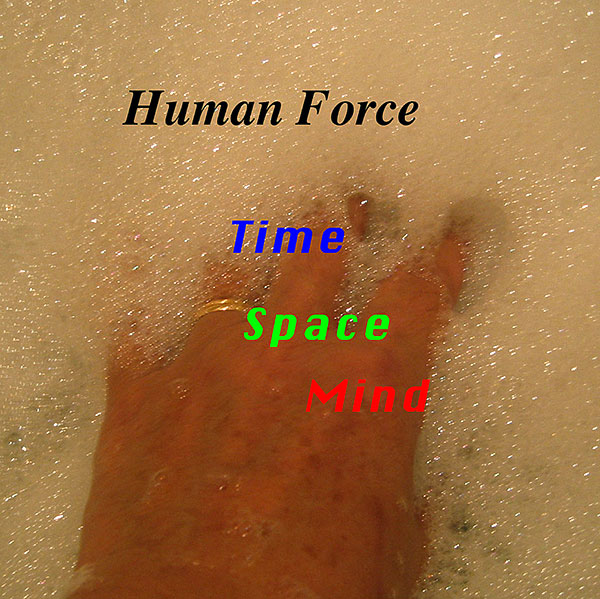 Human force, Time, Space, Mind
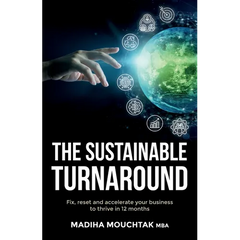 The Sustainable Turnaround: Fix, Reset and Accelerate Your Business to Thrive in 12 Months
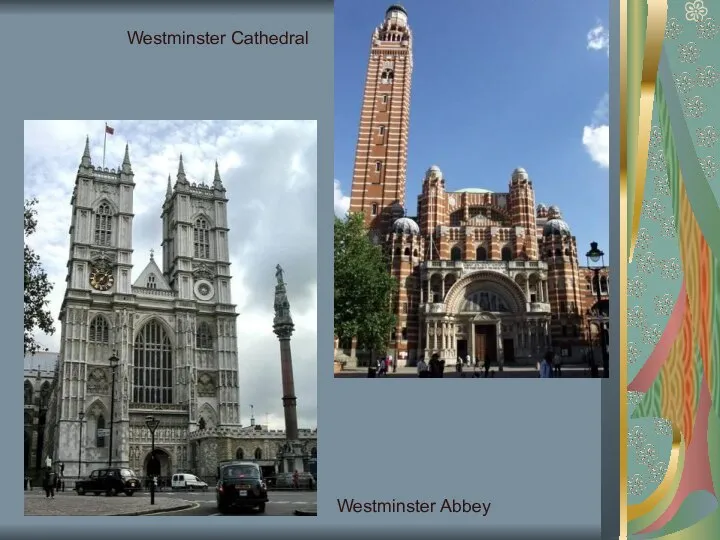 Westminster Cathedral Westminster Abbey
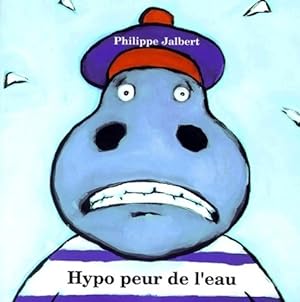 Hypo peur de l'eau - Philippe Jalbert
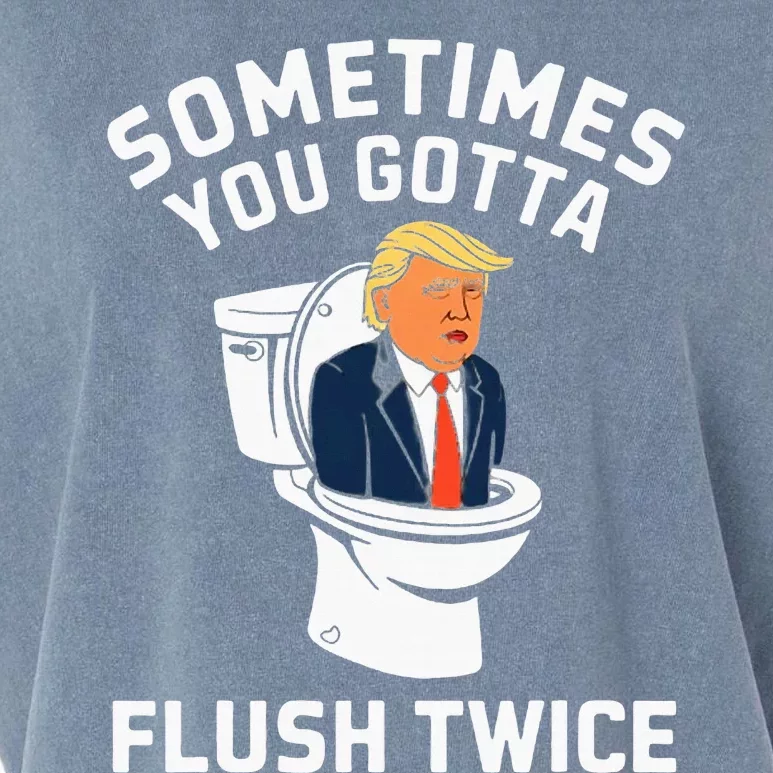 Sometimes You Gotta Flush Twice Anti Trump Garment-Dyed Women's Muscle Tee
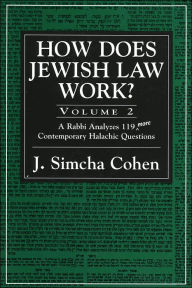 How Does Jewish Law Work?: A Rabbi Analyzes 119 More Contemporary Halachic Questions Simcha J. Cohen Author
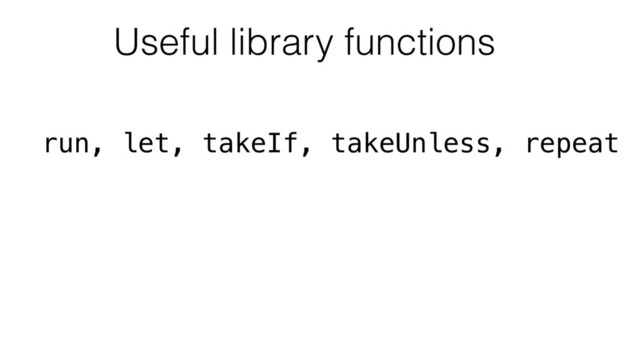 Useful library functions
run, let, takeIf, takeUnless, repeat
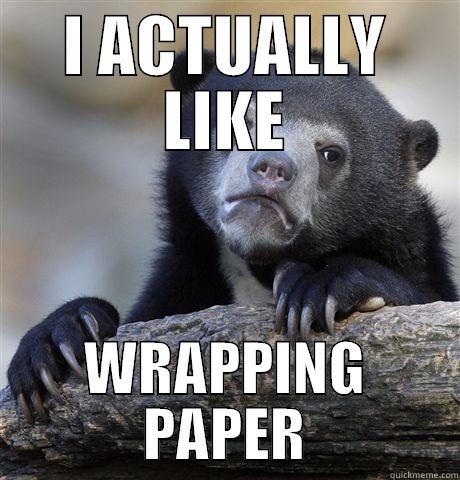 I ACTUALLY LIKE WRAPPING PAPER Confession Bear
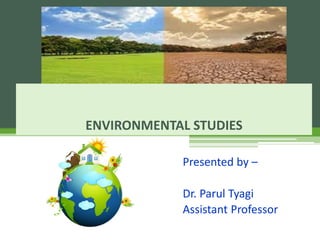 ENVIRONMENTAL STUDIES
Presented by –
Dr. Parul Tyagi
Assistant Professor
 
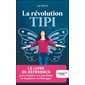 La révolution Tipi : le livre de référence pour réguler vos émotions et dépasser vos blocages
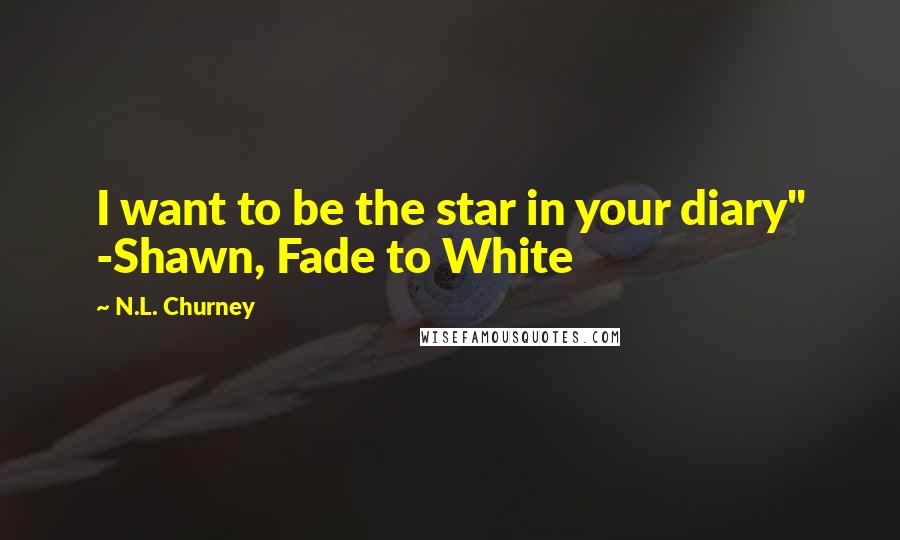 N.L. Churney Quotes: I want to be the star in your diary" -Shawn, Fade to White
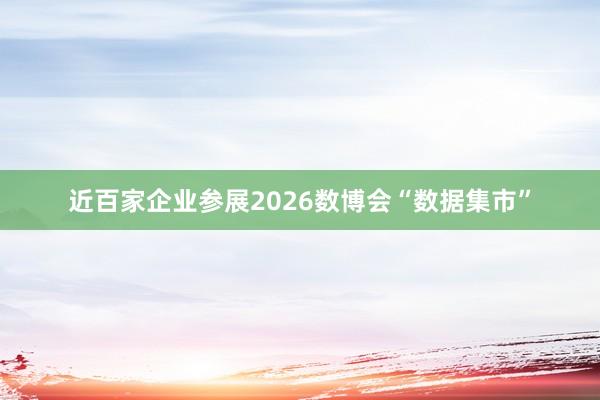 近百家企业参展2026数博会“数据集市”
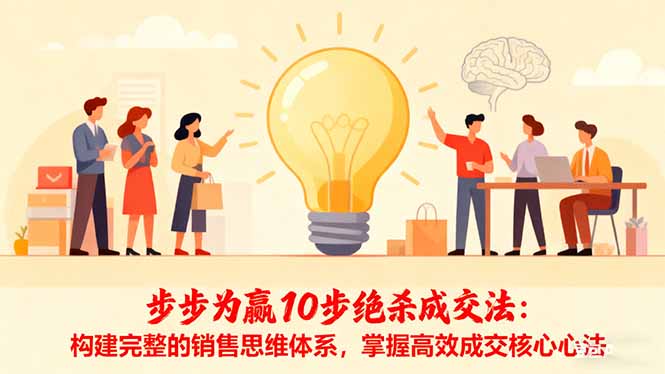 步步为赢10步绝杀成交法:构建完整的销售思维体系,掌握高效成交核心心法-汉兴项目网创资源网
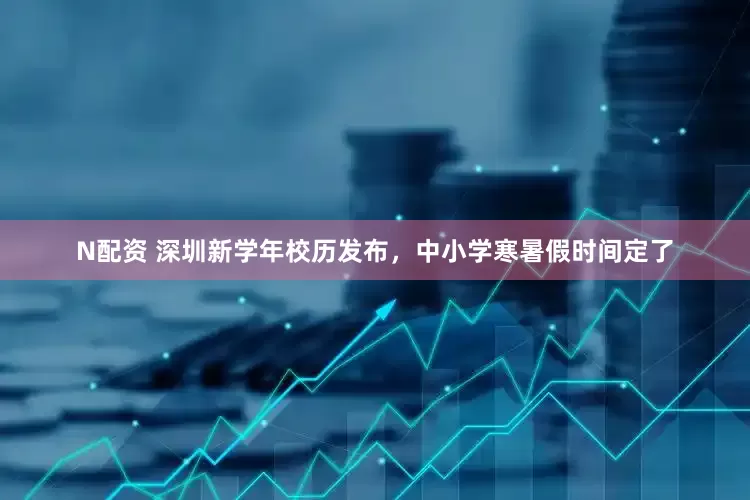 N配资 深圳新学年校历发布，中小学寒暑假时间定了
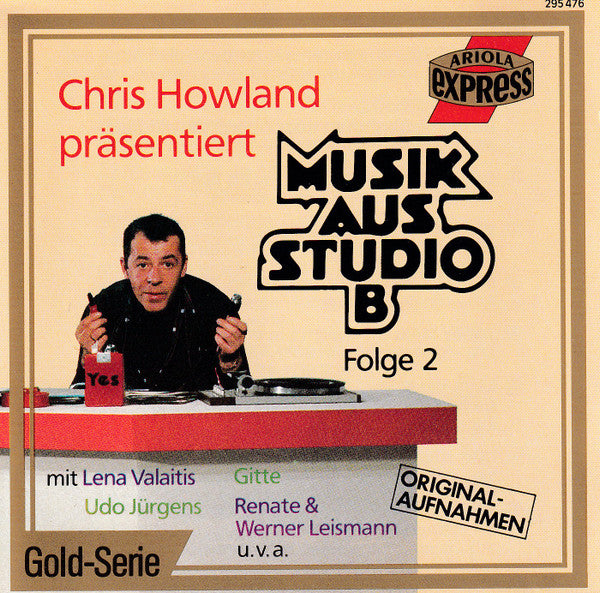 Various : Chris Howland Präsentiert Musik Aus Studio B - Folge 2 (CD, Comp)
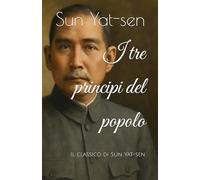 I tre principi del popolo: Il classico di Sun Yat-sen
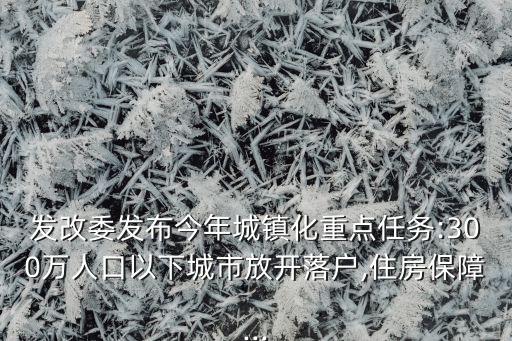 發(fā)改委發(fā)布今年城鎮(zhèn)化重點任務(wù):300萬人口以下城市放開落戶,住房保障...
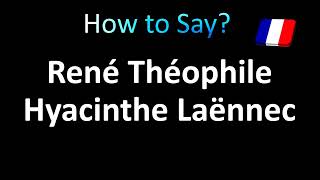 How to Pronounce René Théophile Hyacinthe Laënnec correctly in French [upl. by Yrokcaz]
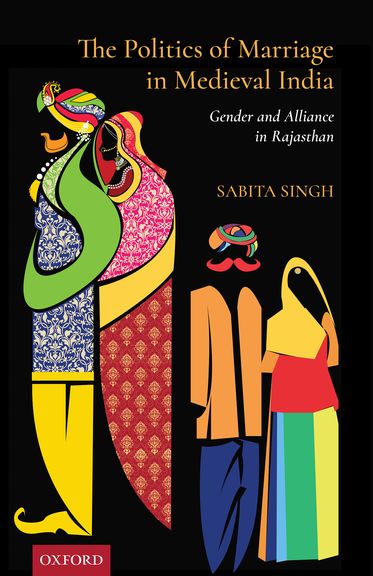 Politics of Marriage in Medieval India, The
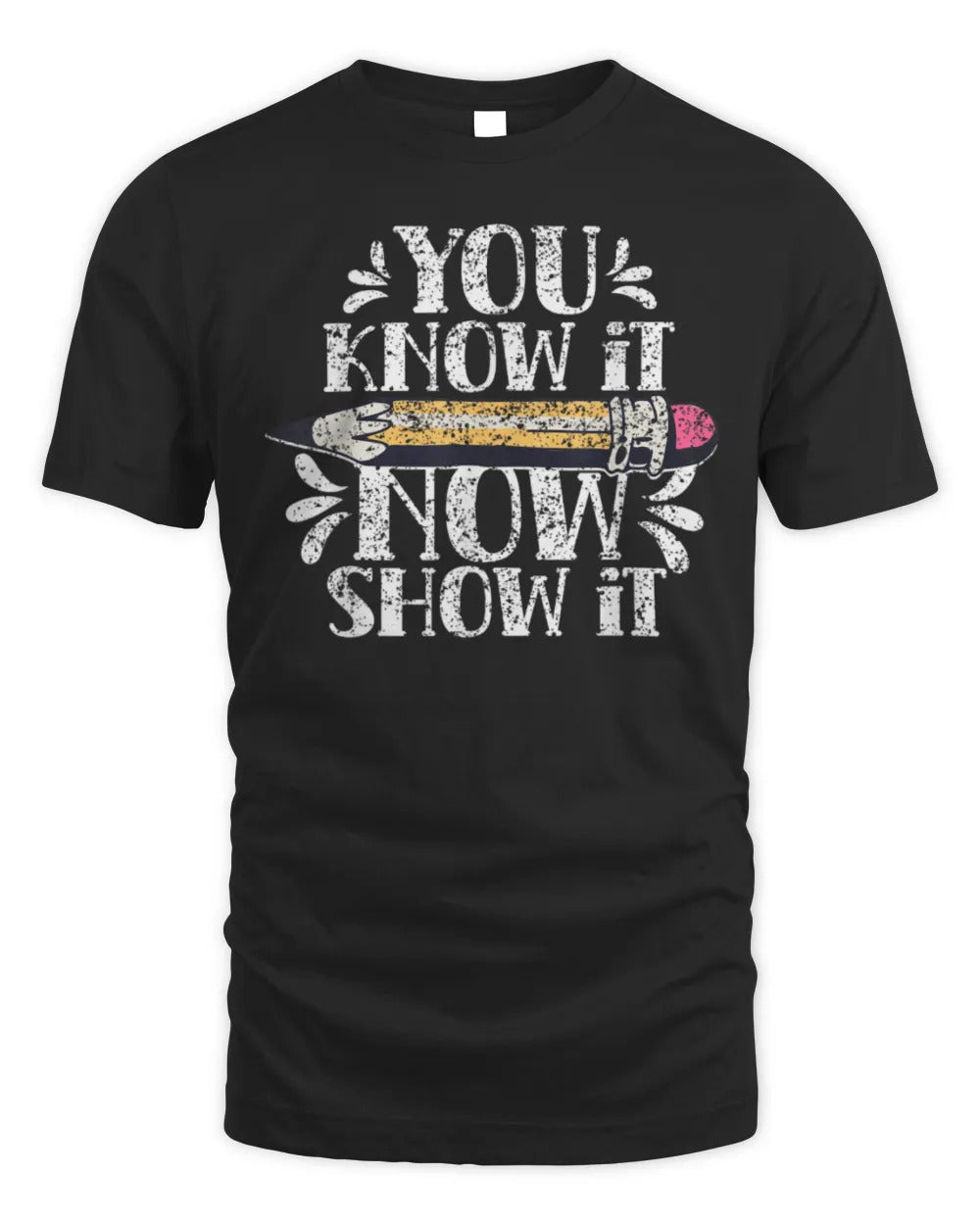 You Know It Now Show It Score Exam Teacher Test Day T-Shirt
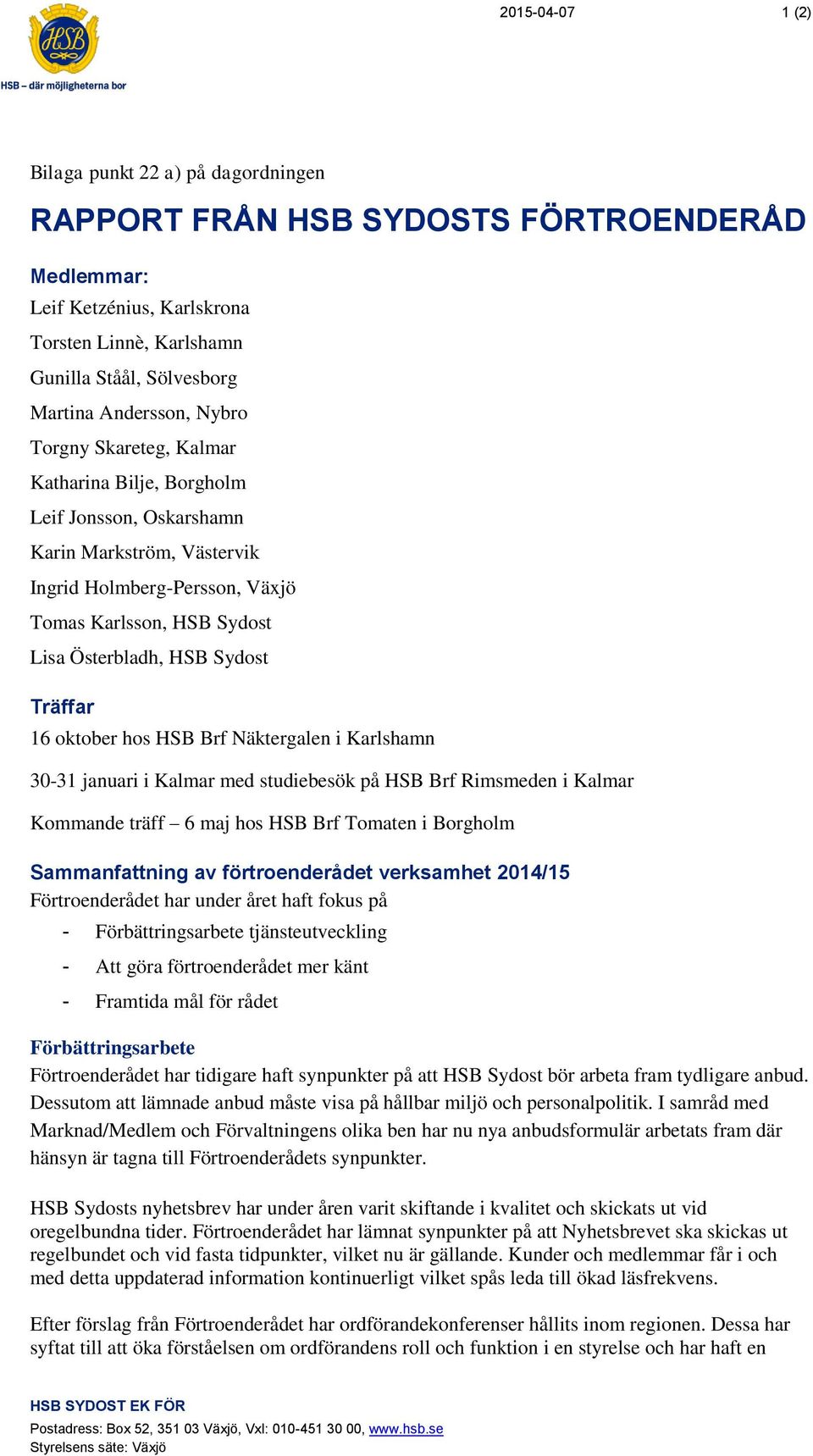 Träffar 16 oktober hos HSB Brf Näktergalen i Karlshamn 30-31 januari i Kalmar med studiebesök på HSB Brf Rimsmeden i Kalmar Kommande träff 6 maj hos HSB Brf Tomaten i Borgholm Sammanfattning av
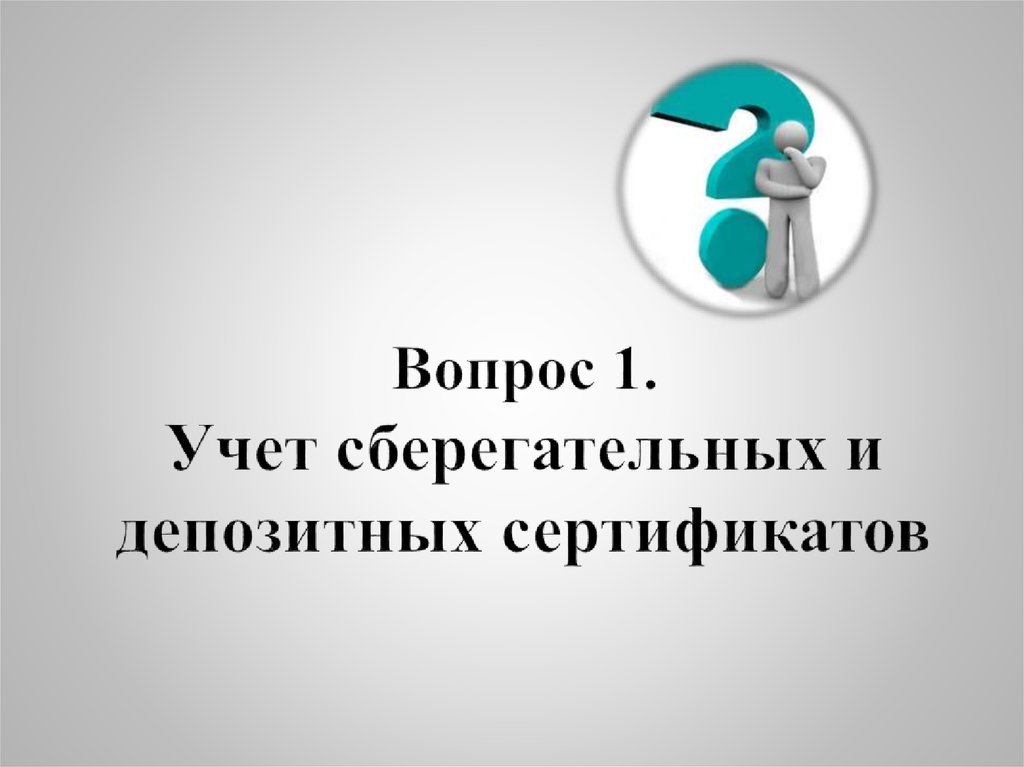 Вопрос 1. Учет сберегательных и депозитных сертификатов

#### What to produce:
The data above holds the lines to copy: start at the one with "Hypo peur de l'eau - Philippe Jalbert", stop at the one with "Assistant Professor", include both, copy them exactly without pictures, and copy nothing else.

#### Output of the exercise:
 Hypo peur de l'eau - Philippe Jalbert
 Sometimes You Gotta Flush Twice Anti Trump Garment-Dyed Women's Muscle Tee
 How Does Jewish Law Work?: A Rabbi Analyzes 119 More Contemporary Halachic Questions Simcha J. Cohen Author
 Useful library functions
run, let, takeIf, takeUnless, repeat
 I ACTUALLY LIKE WRAPPING PAPER Confession Bear
 ENVIRONMENTAL STUDIES
Presented by –
Dr. Parul Tyagi
Assistant Professor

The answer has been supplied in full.